PROMPT
Below are the entries to work from; restate word for word the portion that opens with the line containing "What Happened in" and closes with the line containing "Наручные часы Casio", keeping both.

MATERIALS PROVIDED
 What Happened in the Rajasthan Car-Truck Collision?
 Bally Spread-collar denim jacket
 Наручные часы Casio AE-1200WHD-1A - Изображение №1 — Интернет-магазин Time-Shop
--
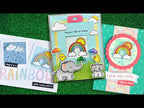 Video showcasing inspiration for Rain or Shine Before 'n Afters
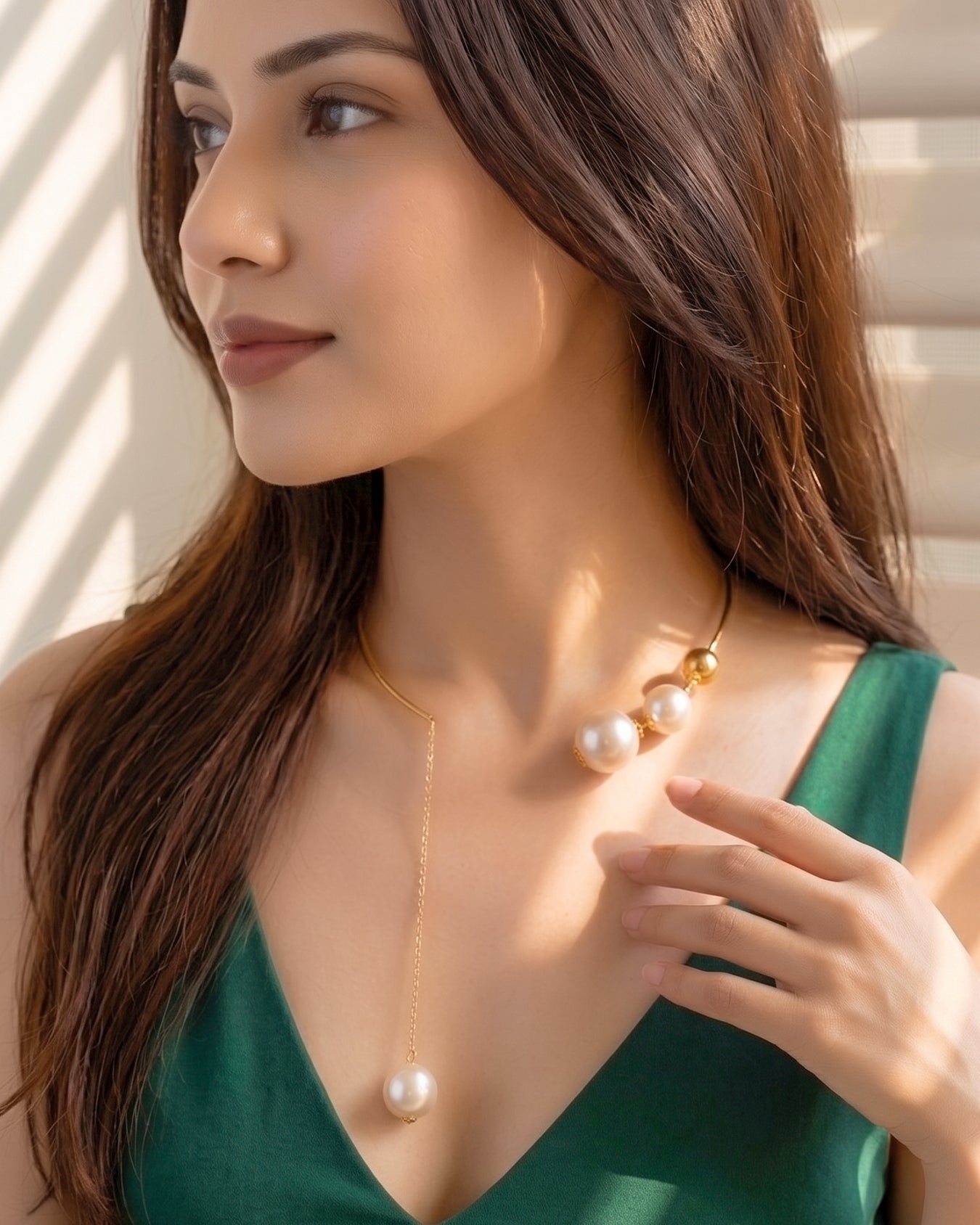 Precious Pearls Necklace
---
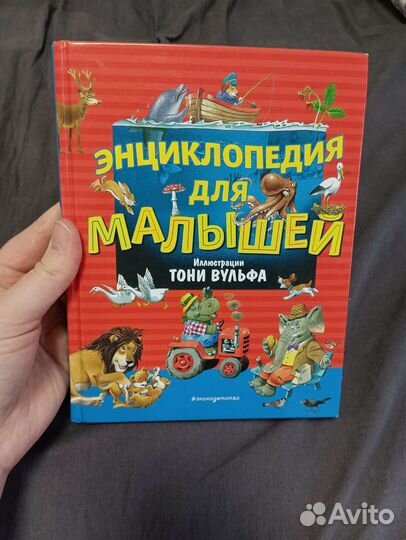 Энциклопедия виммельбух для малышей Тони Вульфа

ANSWER TO THE PROBLEM
 What Happened in the Rajasthan Car-Truck Collision?
 Bally Spread-collar denim jacket
 Наручные часы Casio AE-1200WHD-1A - Изображение №1 — Интернет-магазин Time-Shop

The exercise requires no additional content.